Green Friday Frenzy
October 5, 2022
Written By Jason Jenkins
For many, Christmas traditions begin with an annual pilgrimage to The Branch Ranch
Across the nation, the day after Thanksgiving—known to most as “Black Friday”—is one of the busiest shopping days of the year. Retailers of all kinds attempt to lure shoppers into their stores with limited, money-saving specials on everything from tube socks to TVs.
Customers line up, often in the wee hours of the morning, for the chance to snatch up doorbuster deals before they disappear. Frenetic and sometimes frustrating, shopping for Christmas on Black Friday may be a thrill for some. But in northeast Missouri, many avoid this consumer chaos and opt for an alternative outing.

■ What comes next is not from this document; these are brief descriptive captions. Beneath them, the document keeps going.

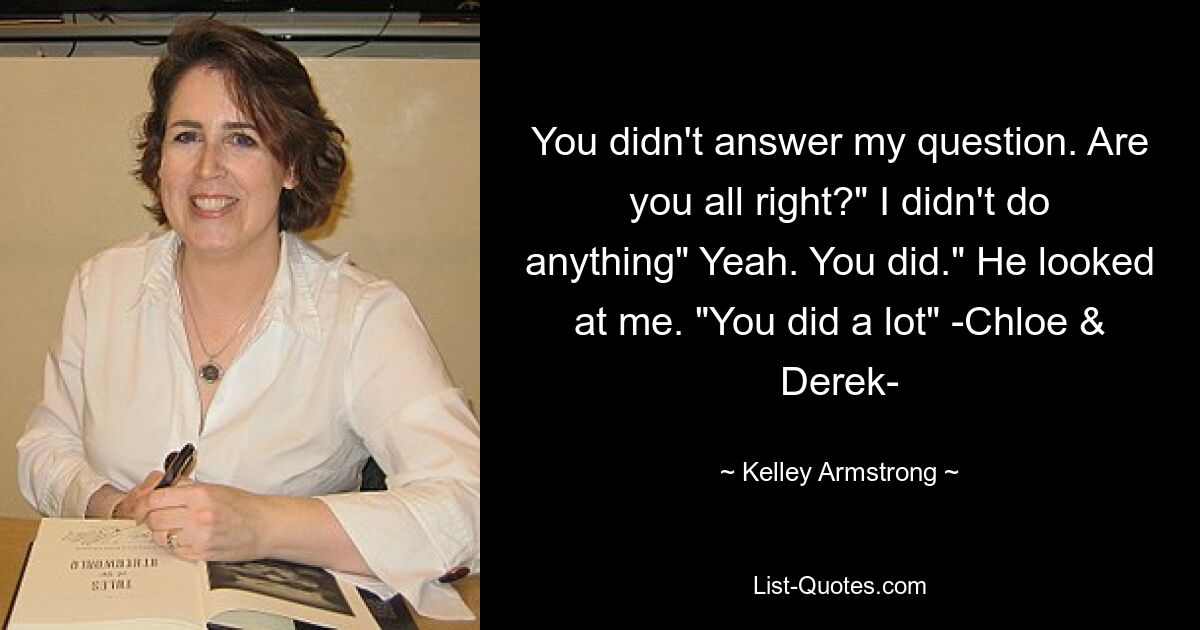 You didn't answer my question. Are you all right?" I didn't do anything" Yeah. You did." He looked at me. "You did a lot" -Chloe & Derek- — © Kelley Armstrong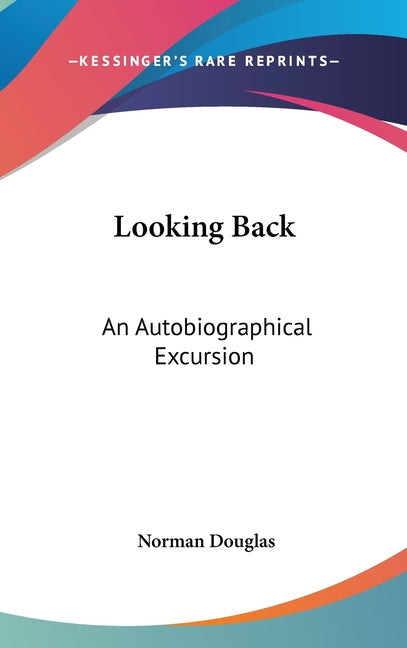 Looking Back: An Autobiographical Excursion - Ingram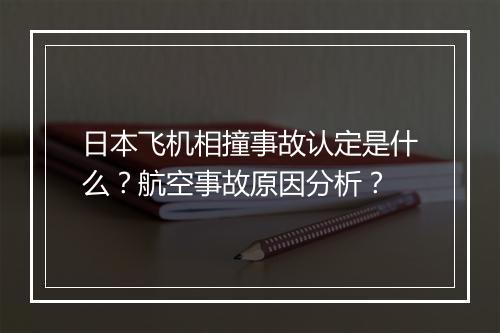 日本飞机相撞事故认定是什么?航空事故原因分析?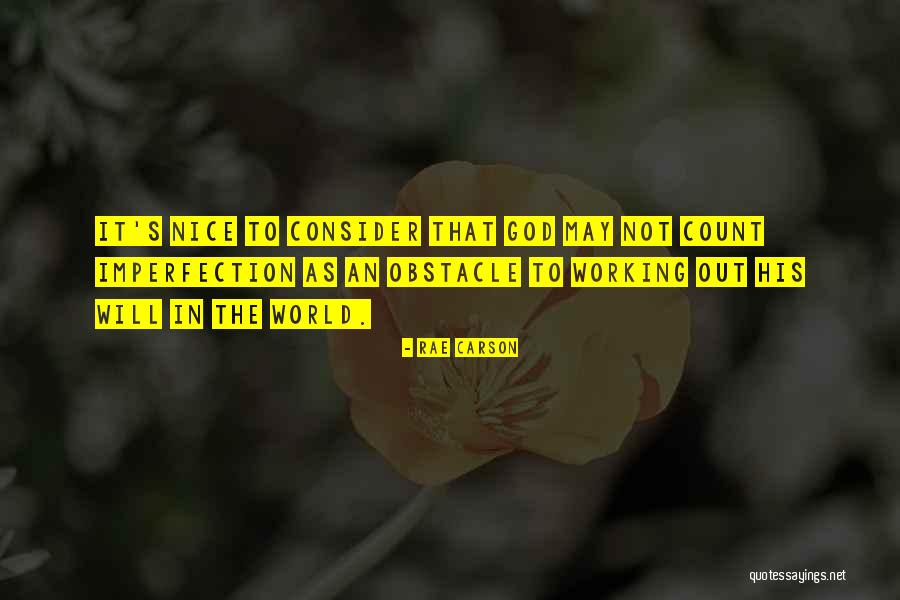 God Working It Out Quotes By Rae Carson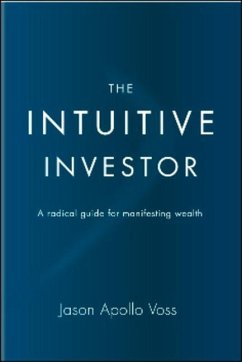 The Intuitive Investor: A Radical Guide for Manifesting Wealth - Voss, Jason Apollo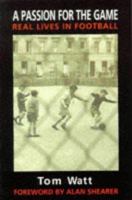 A Passion for the Game: Real Lives in Football 185158918X Book Cover
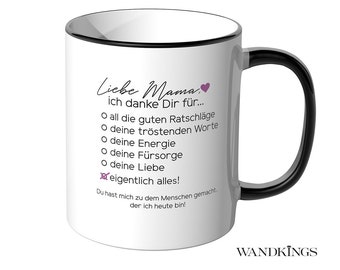 WANDKINGS Tasse "Liebe Mama, ich danke dir für..." - 100 % Made in Germany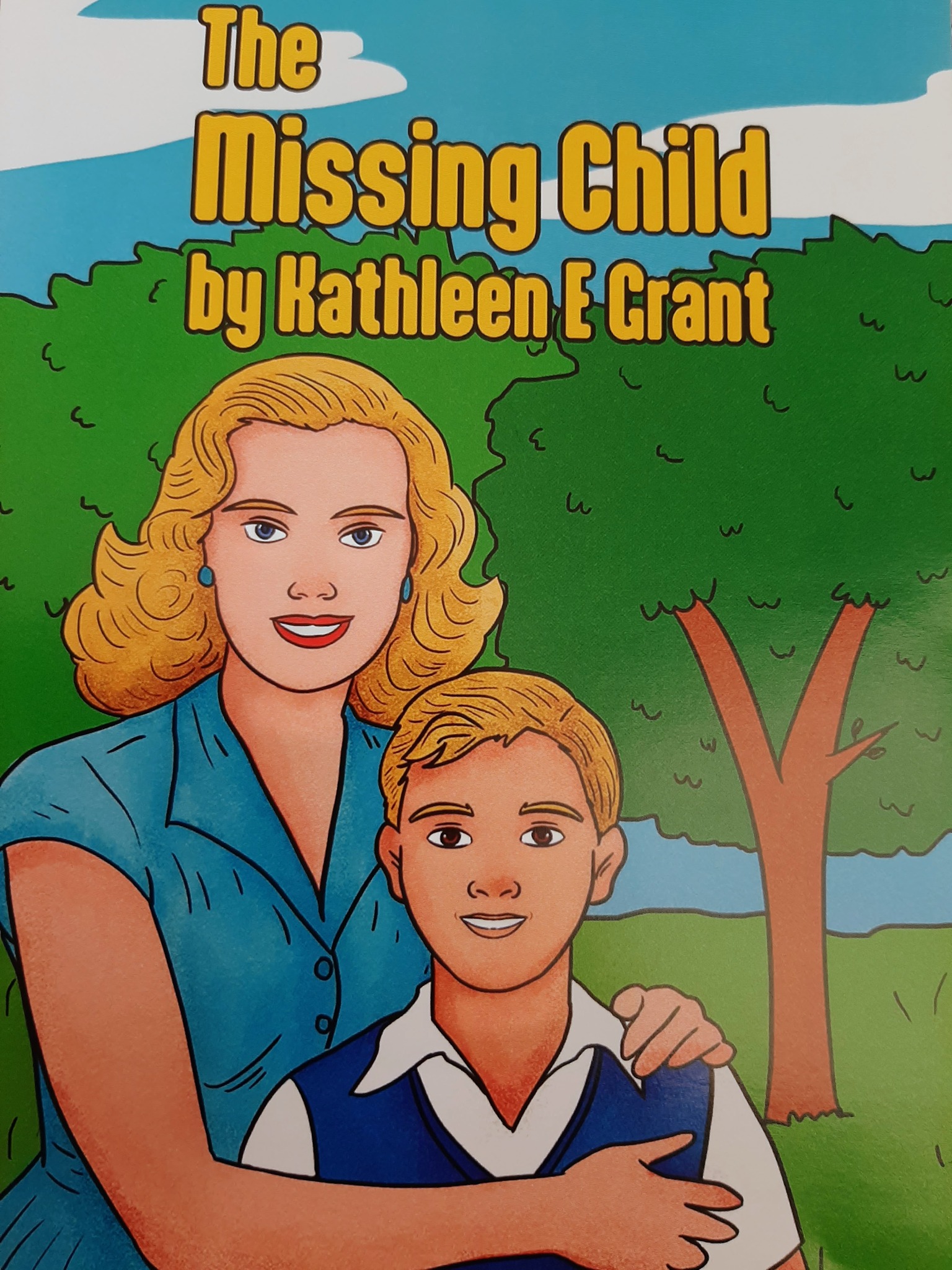 Front cover for the novel 'The Missing Child' by author Kathleen E. Grant.
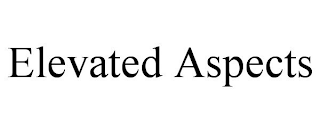 ELEVATED ASPECTS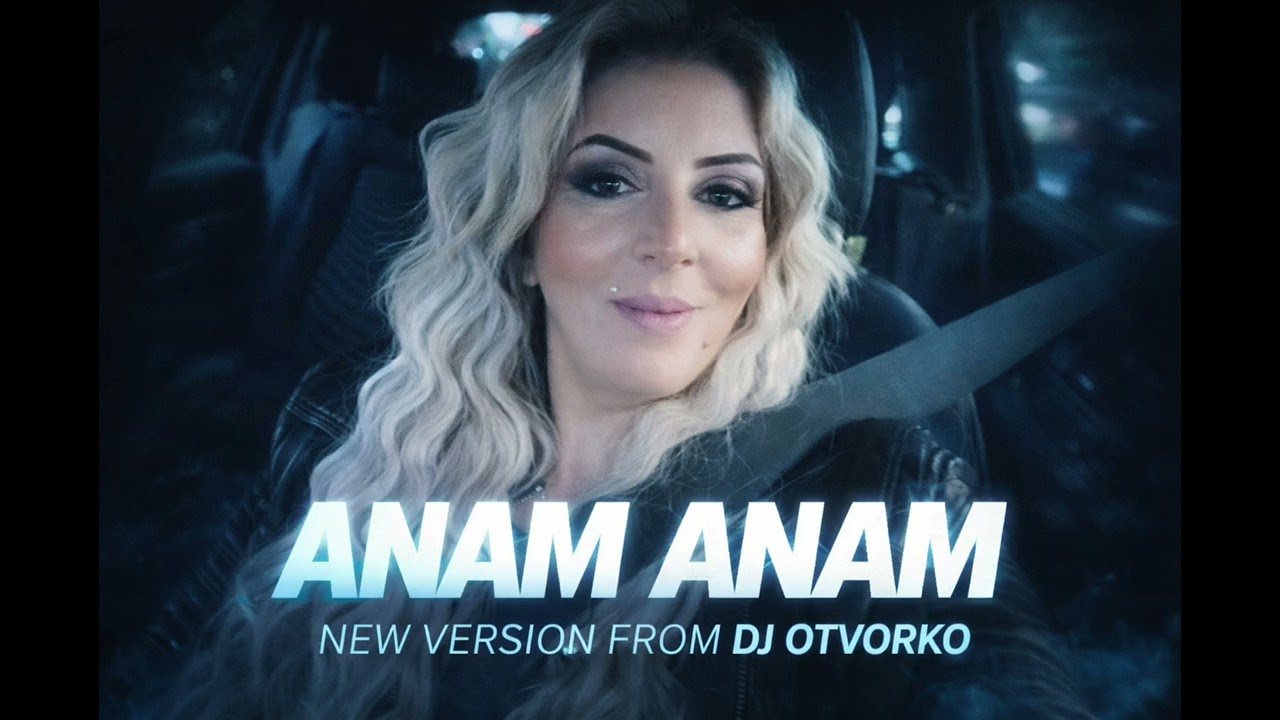 Zinep Lisa - Anam Anam Ayshe Altun 2026 AI Version By Dj Otvorko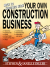How to Succeed With Your Own Construction Business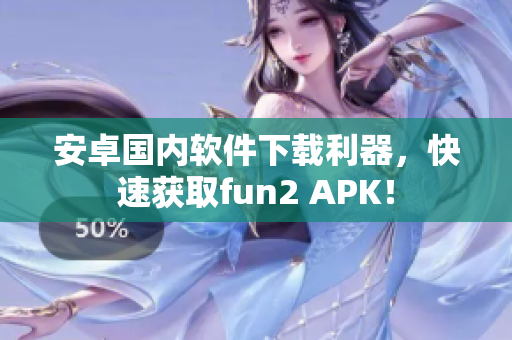 安卓國內(nèi)軟件下載利器，快速獲取fun2 APK！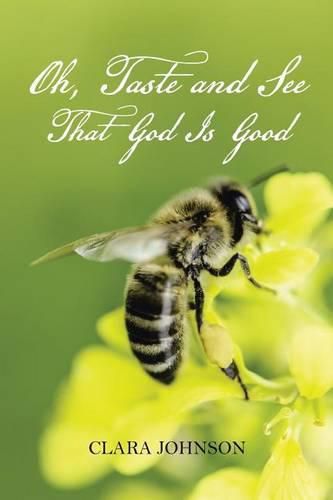 Cover image for Oh, Taste and See That God Is Good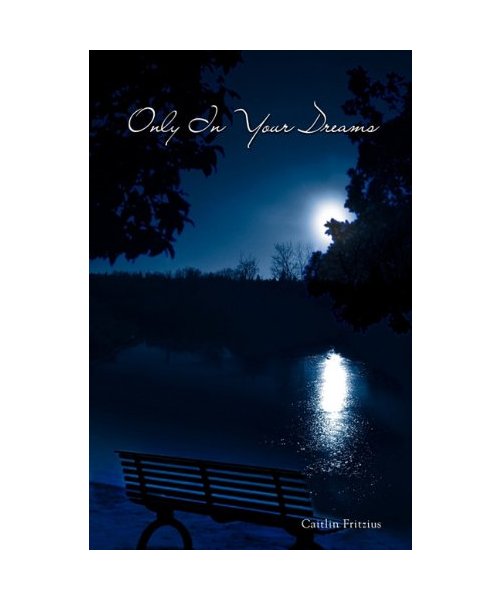 Only in Your Dreams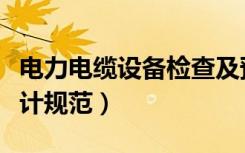 电力电缆设备检查及预防性试验（电力电缆设计规范）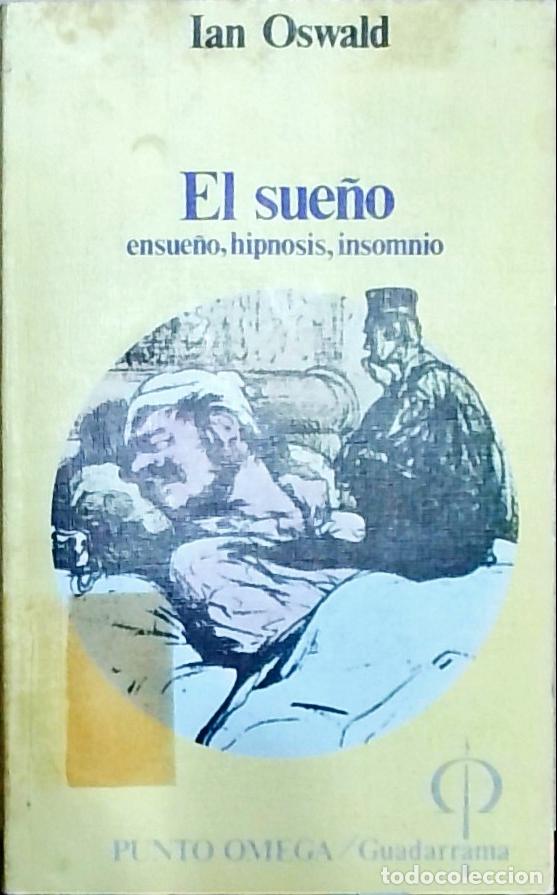 B&uuml;cher: El sue&ntilde;o: ensue&ntilde;o, hipnosis, insomnio - Ian Oswald: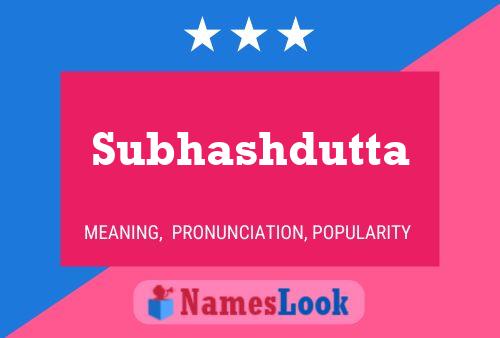 Poster del nome Subhashdutta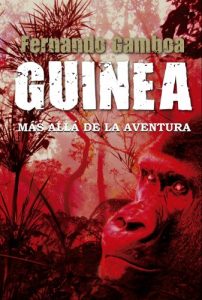 Descargar GUINEA: Más allá de la aventura pdf, epub, ebook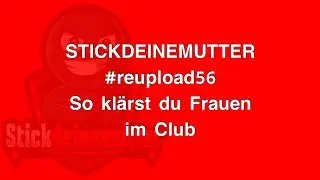 So klärst du Frauen im Club!! #reupload56 #stickdeinemutter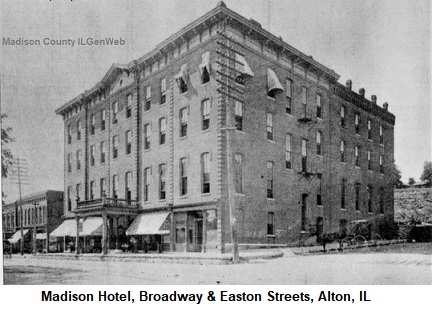 Madison Hotel, Alton, IL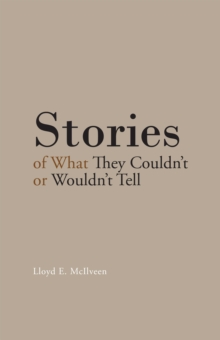 Stories of What They Couldn'T or Wouldn'T Tell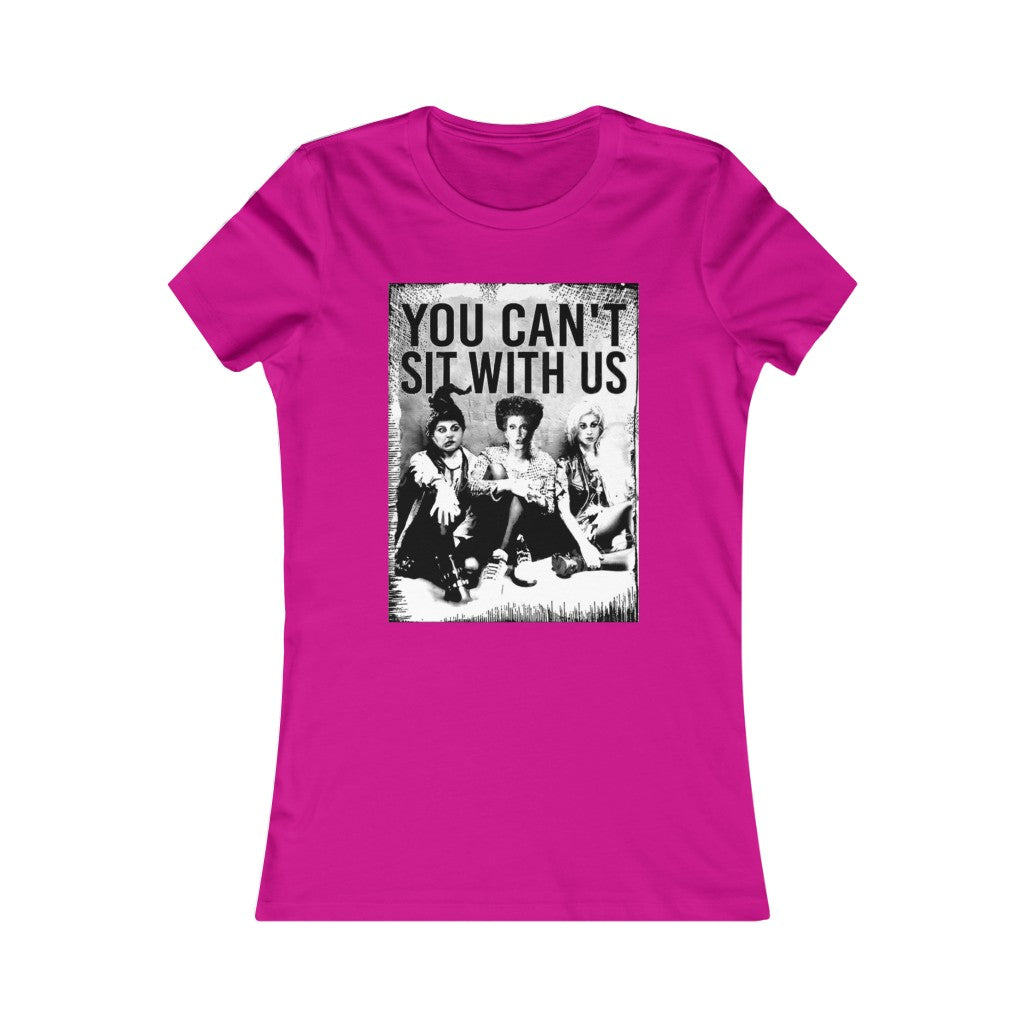 HP-You Cant Sit With Us-Women's Favorite Graphic Tee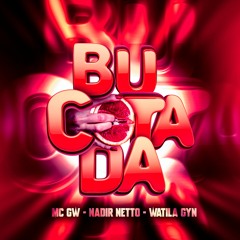 BuC3T4Da (prévia) +18 - Nadir Netto, Watila Gyn
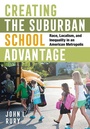 Cover: Creating the Suburban School Advantage - Cornell University Press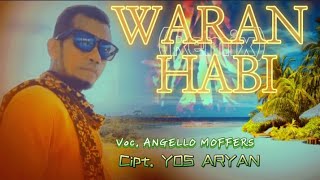 REMIX WARAN HABI //Voc.Angello Moffers//Cipt.Yos Aryan//_(Mix by Lettoz Remixer)//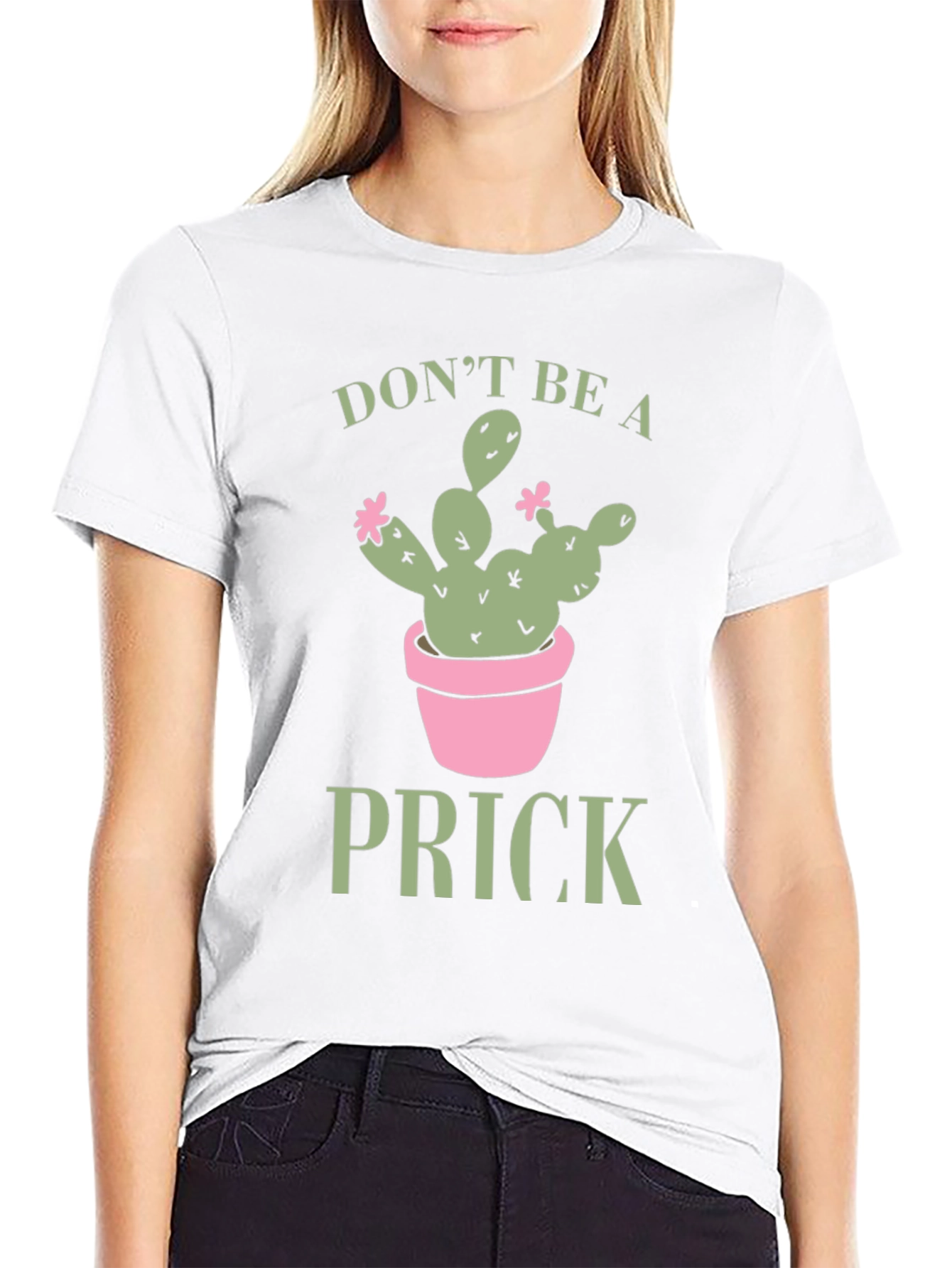 Dont Be A Prick Cactus Graphic Tee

“We call it ‘Green Friday,’” said Butch Augspurg, owner of The Branch Ranch Christmas tree farm. “We get to start the Christmas season with about 600 families every year.”
For the past 26 years, Butch and his wife, Darlene, known to most as “Tootsie,” have welcomed generations of families to their farm in Marion County. Here, just outside the tiny hamlet of Philadelphia, the couple provides more than just fresh-cut Christmas trees. They offer their customers an opportunity to make memories, forge traditions and enjoy the magic of the season.
“How much excitement can there be walking into Lowe’s and walking out with a tree?” Butch wryly asked. “Out here, the kids can run around, play hide-and-seek in the trees, eat a cookie, drink some hot chocolate and pick out their very own Christmas tree to take home and decorate.”
Tree Farm Fancy
When the Augspurgs bought their 120-acre farm, Butch already had a full-time career as a kitchen designer. They knew traditional row crops weren’t in their future, but the idea of raising Christmas trees appealed to Tootsie.
“I absolutely love Christmas,” she said. “We used to drive past a Christmas tree farm on our way to Columbia, and it was just beautiful. I told Butch that I thought some trees would be fun. I had no idea what we were getting ourselves into.”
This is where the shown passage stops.